Tharle Village, also referred to as Tarle Village, is a 2016 Indian Kannada comedy drama film written and directed by KM Raghu. The film uses several actors from the 2015 Raam Reddy film Thithi, Channegowda, Thammegowda, Abhishek H.N., and Singrigowda, but is otherwise unrelated to the film.

== Synopsis ==
The movie follows several villagers through various exploits and troubles, such as a series of mysterious deaths and an affair.

== Cast ==
- Singrigowda as Nanjappa
- Channegowda as Gaddappa
- Thammegowda
- Abhishek H.N.

== Reception ==
Reception for Tharle Village has been mixed, with most critics feeling that the movie did not measure up favorably to Thithi.The Bangalore Mirror rated the movie at three out of five stars, commenting that "Tarle Village (Mischievous Village) lacks the wry humour and realistic portrayal of village life that was Thithi." The New Indian Express also felt that Tharle Village was not Thithi's equivalent, but gave it "a thumbs up for its honesty.

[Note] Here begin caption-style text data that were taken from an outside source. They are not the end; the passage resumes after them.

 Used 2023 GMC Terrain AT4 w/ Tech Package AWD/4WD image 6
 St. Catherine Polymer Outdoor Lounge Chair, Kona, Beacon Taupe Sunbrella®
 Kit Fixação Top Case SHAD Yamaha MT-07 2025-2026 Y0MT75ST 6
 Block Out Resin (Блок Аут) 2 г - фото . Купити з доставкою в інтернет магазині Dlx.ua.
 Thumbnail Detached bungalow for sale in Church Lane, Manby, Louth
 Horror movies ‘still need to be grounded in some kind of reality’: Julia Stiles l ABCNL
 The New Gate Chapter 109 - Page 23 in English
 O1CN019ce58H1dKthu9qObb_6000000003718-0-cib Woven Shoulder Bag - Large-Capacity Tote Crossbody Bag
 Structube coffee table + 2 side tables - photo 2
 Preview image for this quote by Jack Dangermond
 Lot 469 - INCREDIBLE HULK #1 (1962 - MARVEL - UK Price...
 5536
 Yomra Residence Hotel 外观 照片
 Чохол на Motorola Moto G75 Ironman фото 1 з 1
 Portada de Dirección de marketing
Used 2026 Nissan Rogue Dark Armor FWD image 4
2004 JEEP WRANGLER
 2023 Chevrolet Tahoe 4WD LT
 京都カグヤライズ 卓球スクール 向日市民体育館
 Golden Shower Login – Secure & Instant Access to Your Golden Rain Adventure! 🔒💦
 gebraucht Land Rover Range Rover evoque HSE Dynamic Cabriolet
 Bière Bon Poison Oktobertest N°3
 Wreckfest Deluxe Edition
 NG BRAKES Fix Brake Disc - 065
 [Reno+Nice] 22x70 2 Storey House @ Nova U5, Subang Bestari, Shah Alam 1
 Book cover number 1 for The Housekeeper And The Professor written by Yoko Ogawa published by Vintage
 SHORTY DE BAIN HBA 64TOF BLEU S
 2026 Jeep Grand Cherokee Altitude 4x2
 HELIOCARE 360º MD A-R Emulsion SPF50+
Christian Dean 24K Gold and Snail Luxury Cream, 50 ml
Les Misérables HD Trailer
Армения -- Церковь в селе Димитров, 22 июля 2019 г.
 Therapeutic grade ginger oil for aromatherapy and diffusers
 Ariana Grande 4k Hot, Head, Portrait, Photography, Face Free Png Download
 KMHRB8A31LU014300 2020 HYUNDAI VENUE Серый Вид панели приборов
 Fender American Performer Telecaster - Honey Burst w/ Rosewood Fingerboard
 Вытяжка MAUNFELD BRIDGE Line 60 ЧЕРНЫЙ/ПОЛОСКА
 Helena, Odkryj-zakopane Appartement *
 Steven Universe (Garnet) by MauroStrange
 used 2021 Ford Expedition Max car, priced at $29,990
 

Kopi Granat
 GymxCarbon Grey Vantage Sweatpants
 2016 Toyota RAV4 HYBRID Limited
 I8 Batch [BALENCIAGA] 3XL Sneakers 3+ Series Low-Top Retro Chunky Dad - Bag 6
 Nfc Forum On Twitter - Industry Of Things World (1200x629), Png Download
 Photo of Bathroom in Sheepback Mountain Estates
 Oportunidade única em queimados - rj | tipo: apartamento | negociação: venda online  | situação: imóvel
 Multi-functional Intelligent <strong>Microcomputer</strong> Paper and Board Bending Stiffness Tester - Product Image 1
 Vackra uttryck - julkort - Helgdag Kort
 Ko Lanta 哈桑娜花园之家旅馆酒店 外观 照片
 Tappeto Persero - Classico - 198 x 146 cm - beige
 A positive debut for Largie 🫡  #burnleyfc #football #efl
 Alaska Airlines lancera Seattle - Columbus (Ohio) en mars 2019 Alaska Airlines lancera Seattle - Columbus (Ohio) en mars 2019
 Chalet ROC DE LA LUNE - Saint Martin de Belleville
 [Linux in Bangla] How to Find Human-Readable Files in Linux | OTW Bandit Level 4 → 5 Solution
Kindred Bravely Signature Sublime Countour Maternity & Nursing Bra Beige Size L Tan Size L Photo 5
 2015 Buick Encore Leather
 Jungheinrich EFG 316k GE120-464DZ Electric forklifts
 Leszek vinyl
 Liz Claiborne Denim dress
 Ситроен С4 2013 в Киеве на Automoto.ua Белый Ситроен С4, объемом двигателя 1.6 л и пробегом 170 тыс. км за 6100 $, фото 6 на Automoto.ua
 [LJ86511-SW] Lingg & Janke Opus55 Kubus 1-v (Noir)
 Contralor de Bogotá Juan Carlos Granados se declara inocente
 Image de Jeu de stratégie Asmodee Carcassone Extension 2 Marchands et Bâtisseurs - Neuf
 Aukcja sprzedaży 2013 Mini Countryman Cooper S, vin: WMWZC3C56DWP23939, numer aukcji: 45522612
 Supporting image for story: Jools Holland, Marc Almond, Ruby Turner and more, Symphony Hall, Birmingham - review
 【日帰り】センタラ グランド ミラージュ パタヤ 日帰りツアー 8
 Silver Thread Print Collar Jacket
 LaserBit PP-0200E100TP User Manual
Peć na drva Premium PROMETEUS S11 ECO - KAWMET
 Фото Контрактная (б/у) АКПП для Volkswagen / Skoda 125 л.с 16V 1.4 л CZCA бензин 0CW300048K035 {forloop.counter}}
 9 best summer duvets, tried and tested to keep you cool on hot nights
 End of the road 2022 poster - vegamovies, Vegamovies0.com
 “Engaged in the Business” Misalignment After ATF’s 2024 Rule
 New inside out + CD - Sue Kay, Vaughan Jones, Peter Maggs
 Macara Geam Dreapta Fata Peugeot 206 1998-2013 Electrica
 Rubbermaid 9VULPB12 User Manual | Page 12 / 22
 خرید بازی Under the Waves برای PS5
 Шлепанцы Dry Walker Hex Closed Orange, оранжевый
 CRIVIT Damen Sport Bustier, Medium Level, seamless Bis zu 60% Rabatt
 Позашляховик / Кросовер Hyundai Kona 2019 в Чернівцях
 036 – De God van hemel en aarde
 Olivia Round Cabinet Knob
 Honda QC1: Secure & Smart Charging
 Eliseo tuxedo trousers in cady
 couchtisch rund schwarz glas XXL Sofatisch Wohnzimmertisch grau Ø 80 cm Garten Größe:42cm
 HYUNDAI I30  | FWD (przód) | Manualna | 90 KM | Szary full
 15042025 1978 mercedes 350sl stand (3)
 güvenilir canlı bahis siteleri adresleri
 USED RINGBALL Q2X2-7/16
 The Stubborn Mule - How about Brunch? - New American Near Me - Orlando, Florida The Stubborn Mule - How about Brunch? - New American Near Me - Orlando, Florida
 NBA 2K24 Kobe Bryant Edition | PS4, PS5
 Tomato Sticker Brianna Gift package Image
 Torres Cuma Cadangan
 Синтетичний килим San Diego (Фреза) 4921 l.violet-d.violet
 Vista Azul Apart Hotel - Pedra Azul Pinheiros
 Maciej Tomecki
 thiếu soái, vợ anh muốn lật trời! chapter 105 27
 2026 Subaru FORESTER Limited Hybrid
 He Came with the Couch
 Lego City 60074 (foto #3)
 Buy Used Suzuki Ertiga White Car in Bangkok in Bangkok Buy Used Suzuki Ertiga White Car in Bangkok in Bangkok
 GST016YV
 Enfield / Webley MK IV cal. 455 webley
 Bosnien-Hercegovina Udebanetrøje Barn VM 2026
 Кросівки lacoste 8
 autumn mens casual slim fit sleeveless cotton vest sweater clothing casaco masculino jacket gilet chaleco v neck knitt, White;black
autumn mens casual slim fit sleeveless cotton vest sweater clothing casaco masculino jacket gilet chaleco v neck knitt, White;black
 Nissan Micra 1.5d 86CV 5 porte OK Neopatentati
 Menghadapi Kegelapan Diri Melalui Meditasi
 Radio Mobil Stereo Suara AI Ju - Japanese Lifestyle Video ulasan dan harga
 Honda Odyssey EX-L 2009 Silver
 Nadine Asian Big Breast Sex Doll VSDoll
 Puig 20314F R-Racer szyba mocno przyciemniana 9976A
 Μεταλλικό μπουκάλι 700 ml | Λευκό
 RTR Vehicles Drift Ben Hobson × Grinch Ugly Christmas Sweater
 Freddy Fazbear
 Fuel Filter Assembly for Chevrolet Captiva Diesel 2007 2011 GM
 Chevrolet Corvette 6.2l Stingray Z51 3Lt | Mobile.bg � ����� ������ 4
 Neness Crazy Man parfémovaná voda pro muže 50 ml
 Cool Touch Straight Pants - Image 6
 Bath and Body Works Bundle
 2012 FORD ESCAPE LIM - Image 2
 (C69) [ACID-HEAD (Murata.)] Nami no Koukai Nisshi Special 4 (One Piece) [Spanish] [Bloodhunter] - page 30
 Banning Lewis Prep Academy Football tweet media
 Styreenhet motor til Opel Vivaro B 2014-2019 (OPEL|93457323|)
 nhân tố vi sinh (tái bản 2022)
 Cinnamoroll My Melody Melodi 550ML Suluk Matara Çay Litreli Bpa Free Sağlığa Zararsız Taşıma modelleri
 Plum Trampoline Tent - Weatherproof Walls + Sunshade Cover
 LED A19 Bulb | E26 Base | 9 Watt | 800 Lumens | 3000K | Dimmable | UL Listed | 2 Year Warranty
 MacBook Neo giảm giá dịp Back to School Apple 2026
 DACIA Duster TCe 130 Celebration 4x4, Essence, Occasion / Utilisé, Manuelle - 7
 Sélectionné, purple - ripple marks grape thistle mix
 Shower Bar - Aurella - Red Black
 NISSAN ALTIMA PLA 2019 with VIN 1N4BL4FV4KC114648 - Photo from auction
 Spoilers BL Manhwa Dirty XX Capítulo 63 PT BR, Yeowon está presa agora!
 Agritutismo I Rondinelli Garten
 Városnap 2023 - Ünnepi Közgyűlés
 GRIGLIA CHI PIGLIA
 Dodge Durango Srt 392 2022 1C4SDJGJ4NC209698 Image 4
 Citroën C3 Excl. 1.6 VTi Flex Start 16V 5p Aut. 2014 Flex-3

The film is offbeat and is for people who miss the rustic past."

The Hindu was highly critical of the movie, writing that "K.M. Raghu’s poorly conceived and executed film Tharle Village makes you wonder about the relationship between the characters of a story and the story itself."

=== Criticism ===
There was concern that Tharle Village, along with other movies that were casting the Thithi actors in similar or nearly identical roles, were exploiting the actors, prompting Thithi screenwriter Eragowda to state that he was "disturbed after seeing how the actors of Thithi have been recently misused and misappropriated in recent Kannada films." Director Raam Reddy commented that he felt that the actors deserve recognition but that "instead of playing characters that are very similar to their fictional roles in Thithi, it would be much more exciting to see them playing original roles in all their new films."